Dataset Block Start

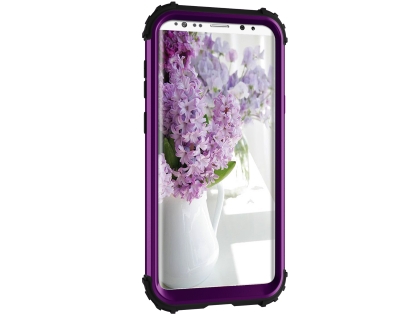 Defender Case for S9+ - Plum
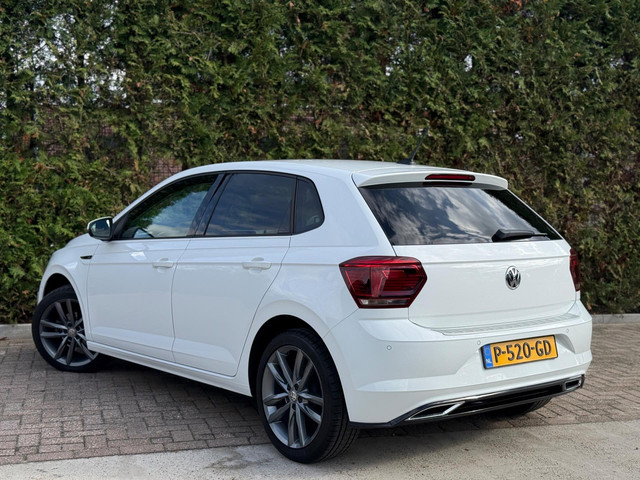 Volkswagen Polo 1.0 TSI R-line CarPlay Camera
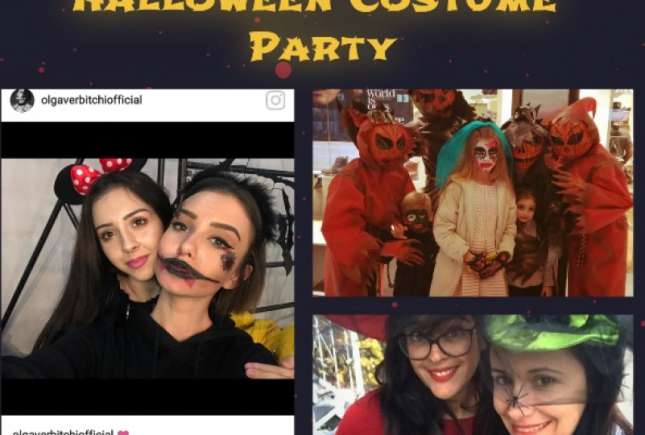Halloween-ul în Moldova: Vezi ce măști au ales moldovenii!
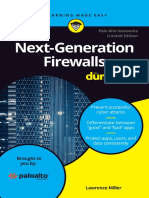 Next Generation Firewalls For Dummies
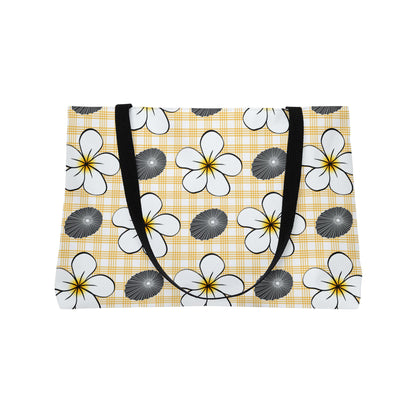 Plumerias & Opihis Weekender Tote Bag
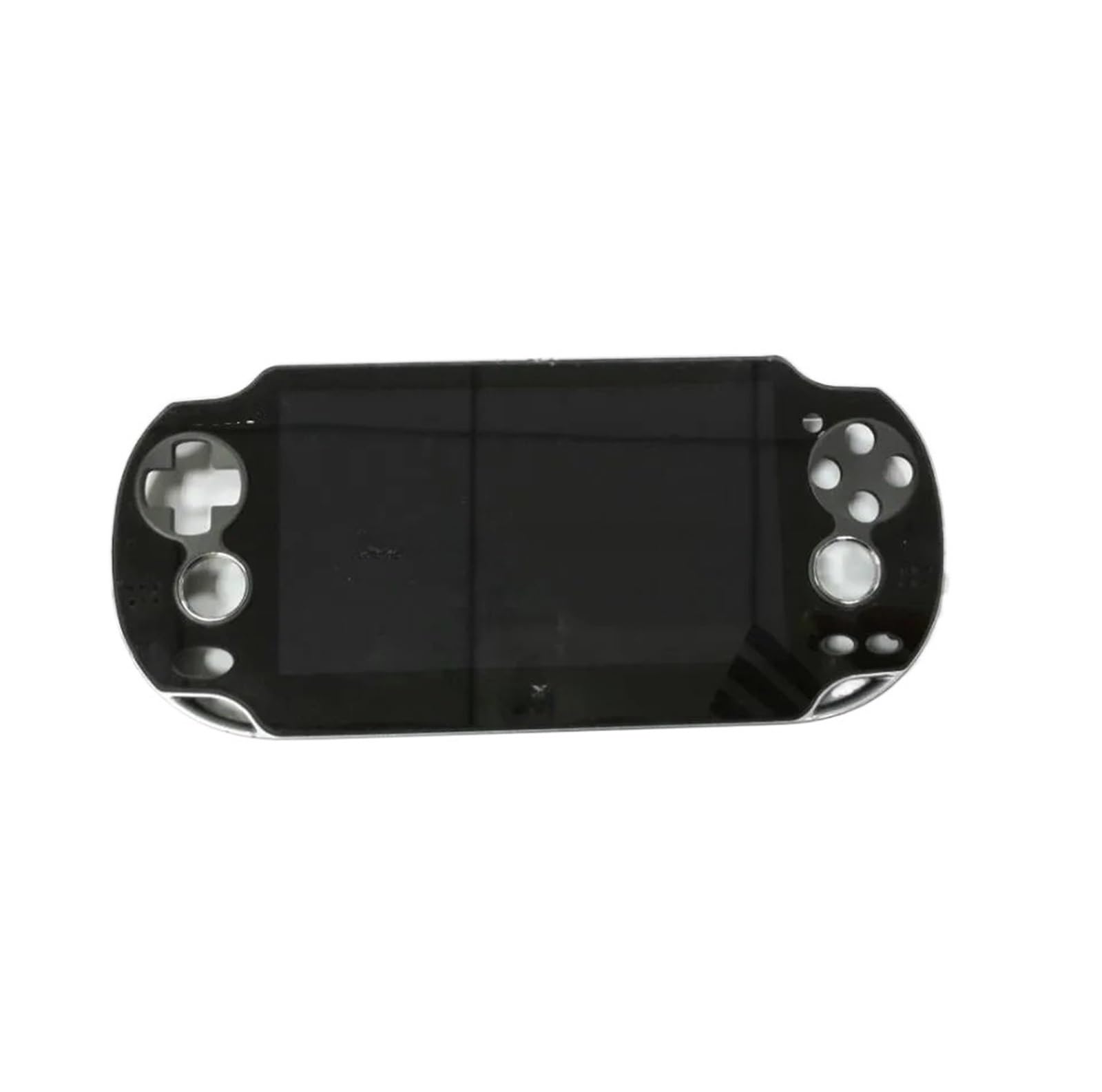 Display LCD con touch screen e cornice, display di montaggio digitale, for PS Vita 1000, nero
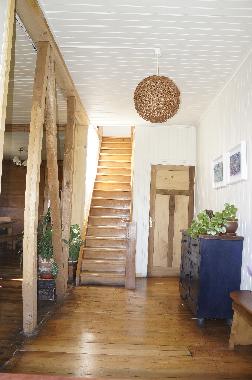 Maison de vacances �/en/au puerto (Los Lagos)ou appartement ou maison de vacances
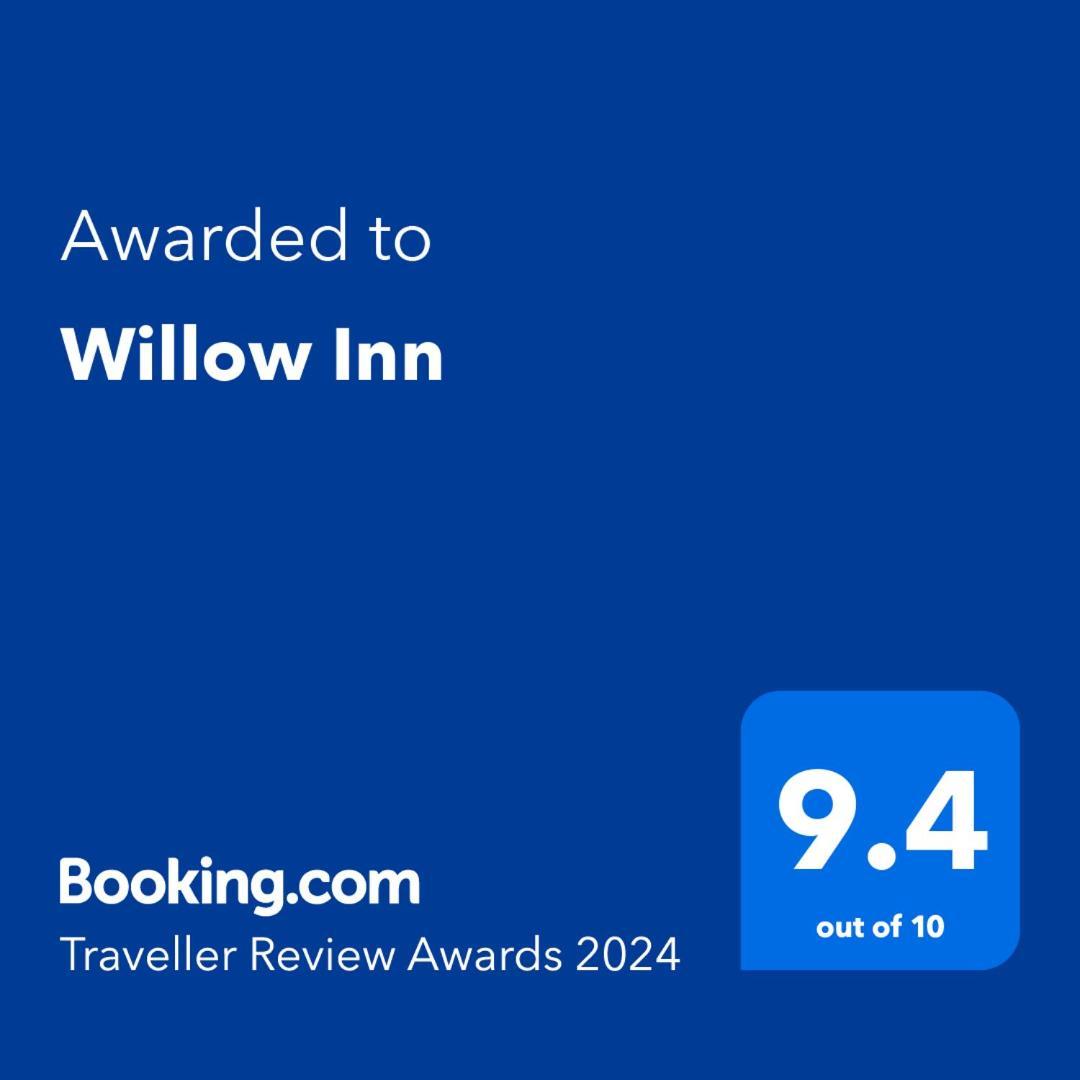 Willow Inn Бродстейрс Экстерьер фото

Dataset Block End
Dataset Block Start

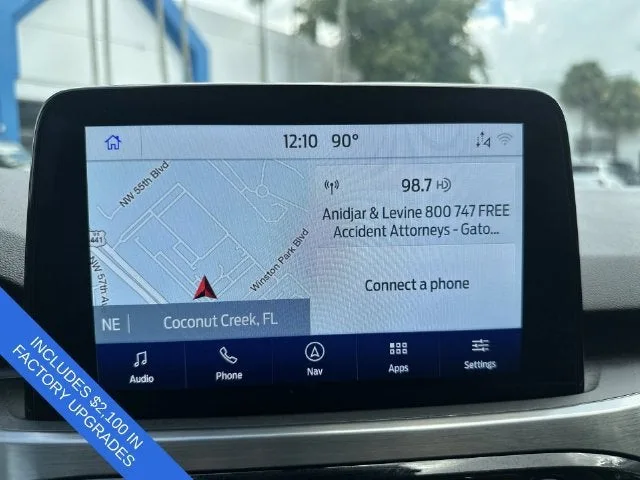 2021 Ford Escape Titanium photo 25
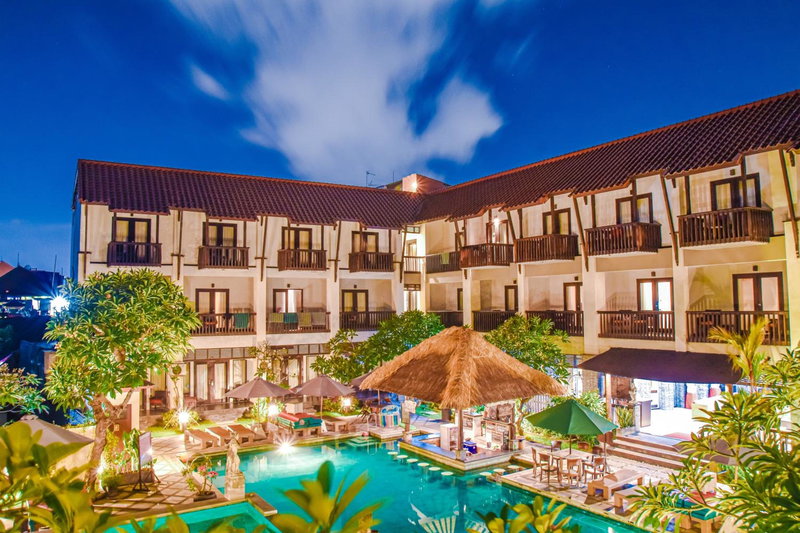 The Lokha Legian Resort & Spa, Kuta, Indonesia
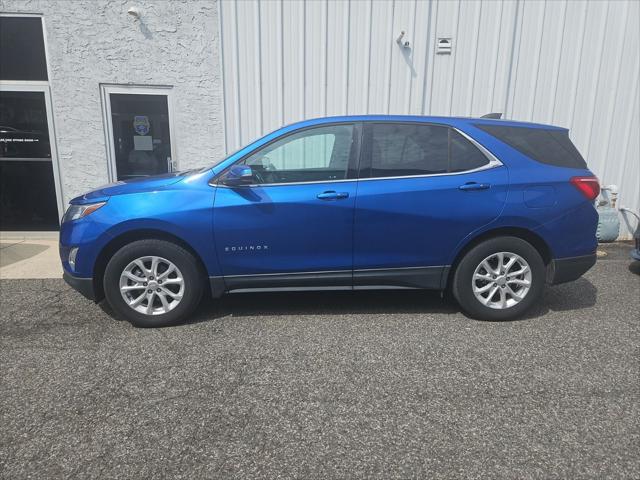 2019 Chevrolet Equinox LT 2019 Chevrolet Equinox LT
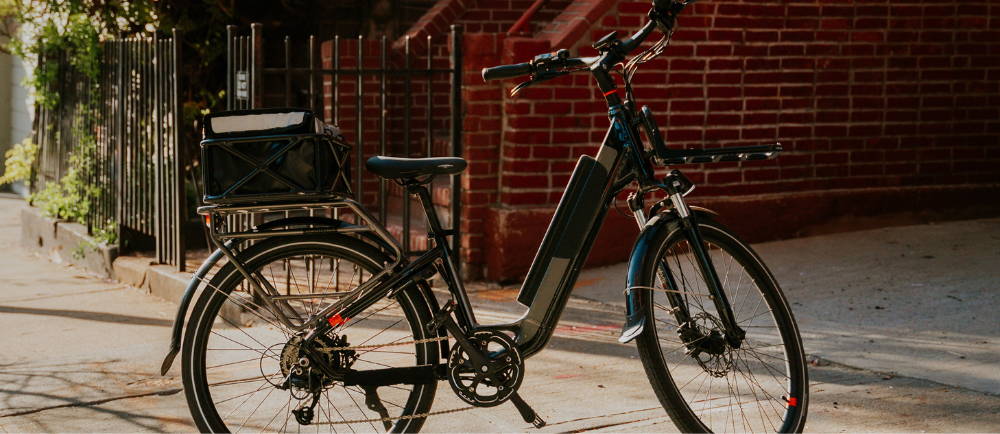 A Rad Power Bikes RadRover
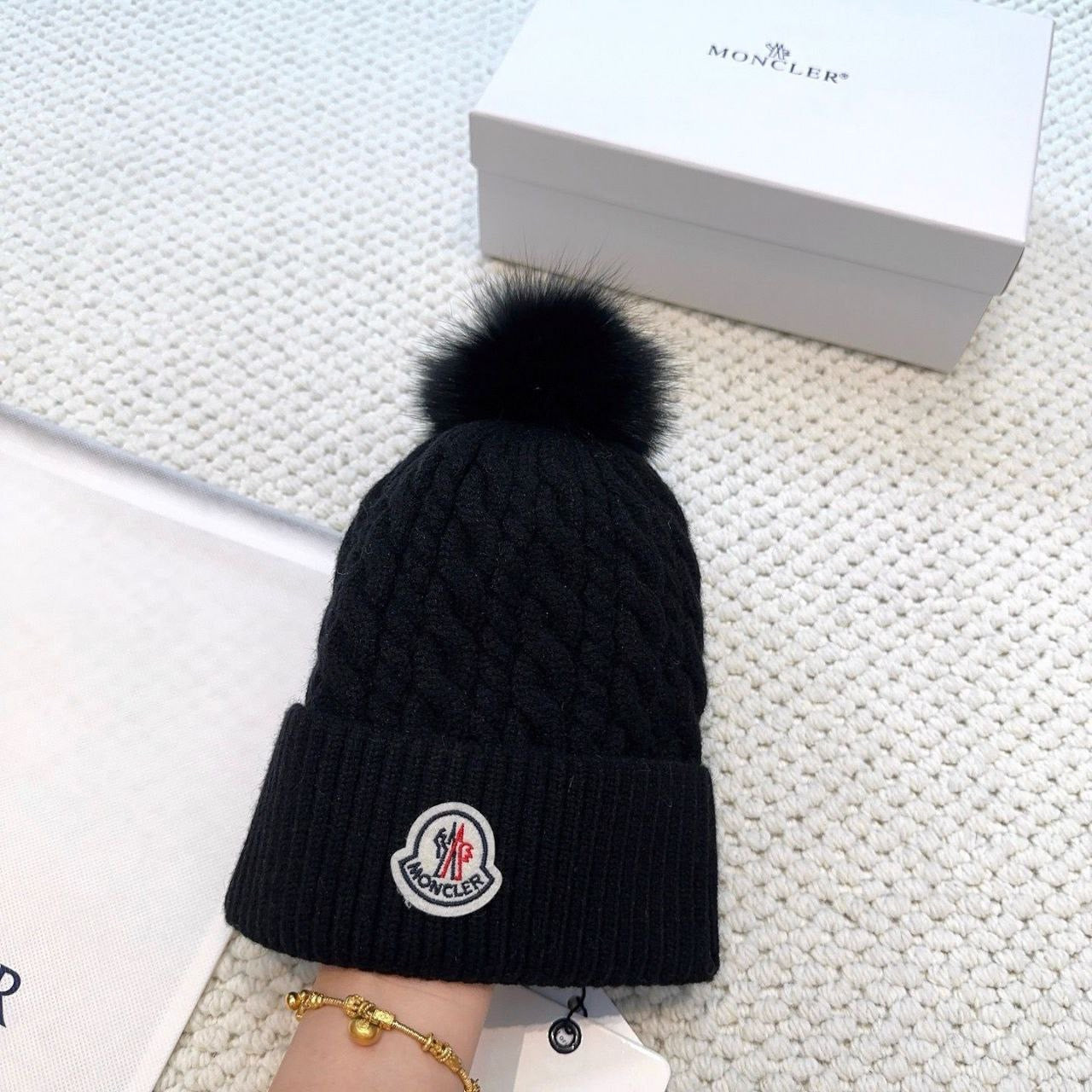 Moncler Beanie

Dataset Block End

§ Work required
Lines from the one above containing "Maison de vacances �/en/au" down to the one containing "Willow Inn Бродстейрс Экстерьер фото" should be transcribed exactly, with both ends kept and no pictures.

§ Task response
 Maison de vacances �/en/au puerto (Los Lagos)ou appartement ou maison de vacances
 Willow Inn Бродстейрс Экстерьер фото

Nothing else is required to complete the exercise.